Run inference

Inference is the process of generating output from a machine learning (ML) model. With Viam, you can run inference to generate the following kinds of output:

  • object detection (using bounding boxes)
  • classification (using tags)

You can run inference locally on a Viam machine, or remotely in the Viam cloud.

Machine inference

You can use viam-server to deploy and run ML models directly on your machines.

You can run inference on your machine in the following ways:

  • with a vision service
  • manually in application logic with an SDK

Entry-level devices such as the Raspberry Pi 4 can run small ML models, such as TensorFlow Lite (TFLite). More powerful hardware, including the Jetson Xavier or Raspberry Pi 5 with an AI HAT+, can process larger AI models, including Tensorflow and ONNX.

Vision services apply an ML model to a stream of images from a camera to generate bounding boxes or classifications.

For configuration information, click on the model name:


Model
Description

To use a vision service:

  1. Visit the CONFIGURE page of the Viam app.

  2. Click the + icon next to your main machine part and select Component or service.

  3. Type in the name of the service and select a vision service.

  4. If your vision service does not include an ML model, deploy an ML model to your machine to use that service.

  5. Configure the service based on your use case.

  6. To view the deployed vision service, use the live detection feed in the Viam app.

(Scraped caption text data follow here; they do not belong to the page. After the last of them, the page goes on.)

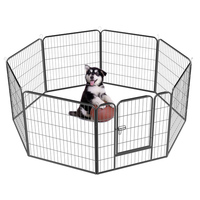 more images of High Quality Heavy Duty 8 Panels Pet Fence Black/Sliver Dog Pet Playpen with door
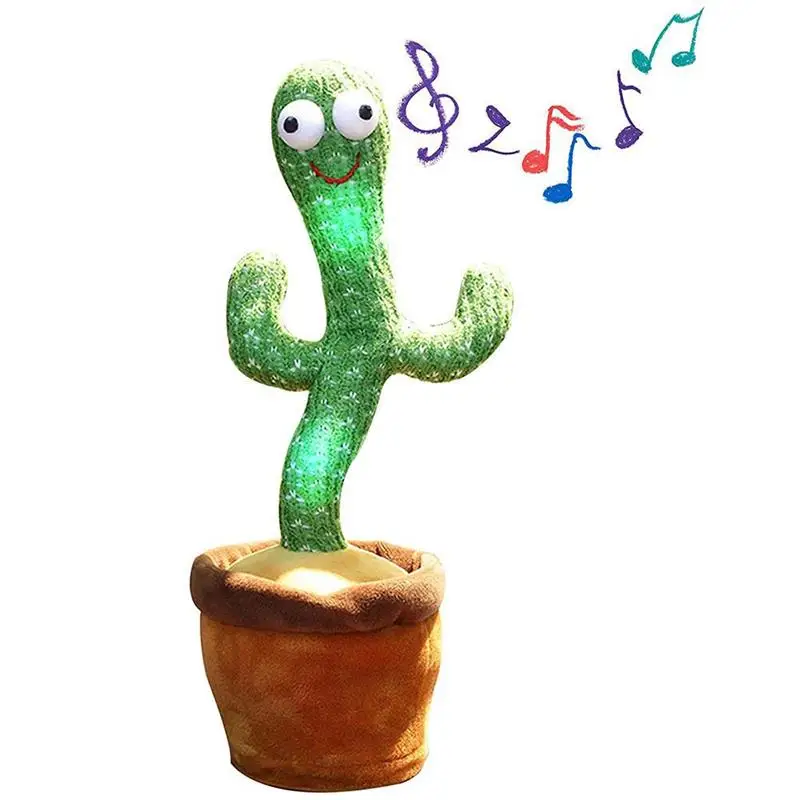 Juguete de peluche de Cactus, canto el&eacute;ctrico, 120 canciones, baile y torsi&oacute;n, grabaci&oacute;n luminosa, aprendizaje de hablar, juguete de peluche-0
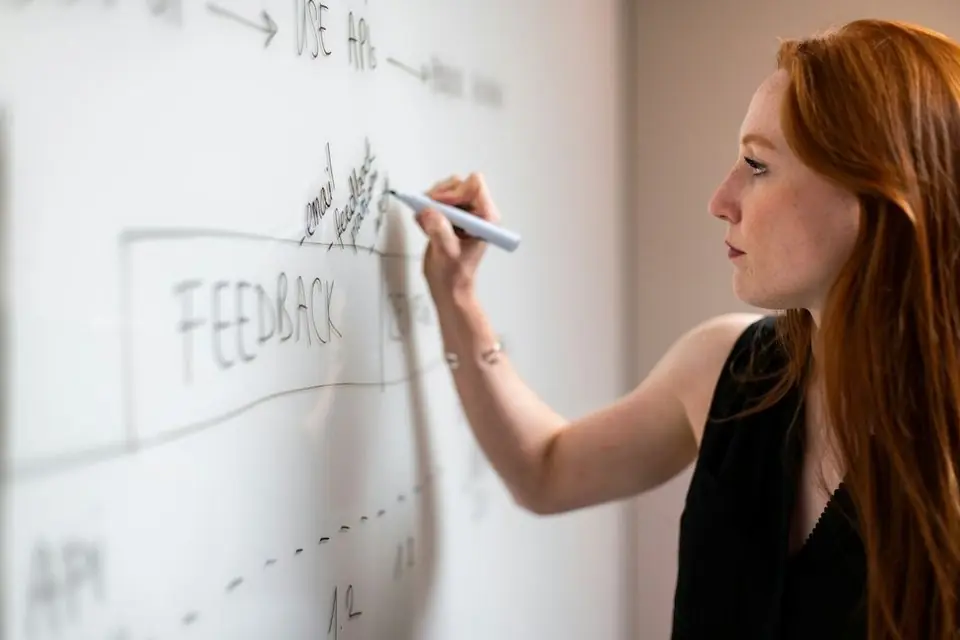 A woman mapping a process on a whiteboard
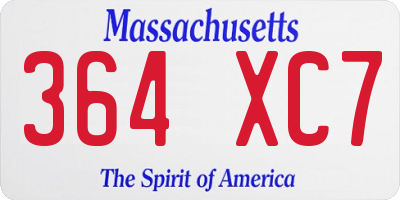 MA license plate 364XC7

The feed shows an overlay of detected objects or classifications on top of a live camera feed. On the CONFIGURE or CONTROL pages for your machine, expand the Test area of the service panel to view the feed.

    Detected blue star Detection of a viam figure with a confidence score of 0.97

For instance, you could use viam:vision:mlmodel with the EfficientDet-COCO ML model to detect a variety of objects, including people, bicycles, and apples, in a camera feed.

Alternatively, you could use viam-soleng:vision:openalpr to detect license plates in images. Since this service includes its own ML model, there is no need to configure a separate ML model.

After adding a vision service, you can use a vision service API method with a classifier or a detector to get inferences programmatically. For more information, see the APIs for ML Model and Vision.

With the Viam SDK, you can pass image data to an ML model service, read the output annotations, and react to output in your own code. Use the Infer method of the ML Model API to make inferences.

For example:

import numpy as np

my_mlmodel = MLModelClient.from_robot(robot=machine, name="my_mlmodel_service")

image_data = np.zeros((1, 384, 384, 3), dtype=np.uint8)

# Create the input tensors dictionary
input_tensors = {
    "image": image_data
}

output_tensors = await my_mlmodel.infer(input_tensors)
input_tensors := ml.Tensors{"0": tensor.New(tensor.WithShape(1, 2, 3), tensor.WithBacking([]int{1, 2, 3, 4, 5, 6}))}

output_tensors, err := myMLModel.Infer(context.Background(), input_tensors)

Cloud inference

Cloud inference enables you to run machine learning models in the Viam cloud, instead of on a local machine. Cloud inference often provides more computing power than edge devices, so you can benefit from:

  • larger, more accurate models
  • faster inference times

You can run cloud inference using any Tensorflow model in the Viam registry, including private models owned by or shared with your organization.

To run cloud inference, you must pass

  • the binary data ID and organization of the data you want to run inference on
  • the name, version, and organization of the model you want to use for inference

The viam infer CLI command runs inference in the cloud on a piece of data using the specified ML model:

viam infer --binary-data-id <binary-data-id> --model-name <model-name> --model-org-id <org-id-that-owns-model> --model-version "2025-04-14T16-38-25" --org-id <org-id-that-executes-inference>
Inference Response:
Output Tensors:
  Tensor Name: num_detections
    Shape: [1]
    Values: [1.0000]
  Tensor Name: classes
    Shape: [32 1]
    Values: [...]
  Tensor Name: boxes
    Shape: [32 1 4]
    Values: [...]
  Tensor Name: confidence
    Shape: [32 1]
    Values: [...]
Annotations:
Bounding Box Format: [x_min, y_min, x_max, y_max]
  No annotations.

infer returns a list of detected classes or bounding boxes depending on the output of the ML model you specified, as well as a list of confidence values for those classes or boxes. This method returns bounding box output using proportional coordinates between 0 and 1, with the origin (0, 0) in the top left of the image and (1, 1) in the bottom right.